Were it otherwise, the PM would have met with experts as requested. He would have put in place recommended contingency plans that, while they would not have prevented the fires, would have mitigated their dire consequences for many people, much country, and a staggering number of native animals and stock.
From the PM’s perspective, it had to be business as usual. All fires are equal. We’ve got past them before and we’ll do it again. Let's go to Hawaii. To acknowledge otherwise and take preventative action would mean facing questions on the contribution of climate change to our current conflagrations. Morrison is not comfortable with this line of inquiry and its inevitable segue into the role of the fossil fuel industry. He has a global reputation for his love affair with coal.
The Prime Minister could not afford to acknowledge the seriousness of the fires, because of the threat any such acknowledgement poses to his neoliberal ideology, his relationship with political donors from the coal industry and – many would add – his Pentecostal religious beliefs. All of these considerations superseded any of the concerns one would expect to preoccupy the leader of a country facing unprecedented burning.
Scott Morrison did nothing. He could have done a great deal, but he did nothing. He was advised. He was warned. He was exhorted to take action. Yet he did nothing. In fact, he did worse than nothing. He took a holiday in Hawaii and left his country to incinerate.
The consequences of Morrison’s disastrous inability to see beyond his own concerns are as follows. Some six million hectares of this country have now burned in NSW, Victoria, and South Australia. NSW is ablaze from the coastline to the high country. At least 23 people have died so far. Hundreds of homes have been lost — my sister’s among them. Hundreds of thousands of sheep and cattle have perished. Hundred of millions of native animals have been incinerated and some species will have been pushed to extinction.
Had Morrison allowed the country to prepare as he was advised he should, the recovery phase, a longer and more disheartening process than even the fires themselves, would already be well underway. Instead, this implementation of this process was announced only on Saturday, 4 January 2020. It follows no predetermined plan, because Morrison still will not listen to those who seek to advise him.

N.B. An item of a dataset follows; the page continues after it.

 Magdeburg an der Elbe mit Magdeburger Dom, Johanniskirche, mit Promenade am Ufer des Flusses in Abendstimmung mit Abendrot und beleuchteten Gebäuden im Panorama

It is entirely ad hoc. That is not to say the agencies who are directly involved with providing recovery assistance are without plans and experience. It is to say that the Prime Minister of Australia would not authorise the implementation of those plans earlier than a mere three days ago — when he apparently underwent a minor change of heart after consultation with former Liberal Prime Minister John Howard.
It isn’t feasible to blame all this devastation on one man. One man cannot wield that much power without a great deal of support. However, Scott Morrison is the face of the gang who collectively do wield this much power, and bear moral responsibility for the deaths – human and animal – the loss of homes and livelihoods, the destruction of country, the extinction of species and the ongoing ravages wrought by these fires.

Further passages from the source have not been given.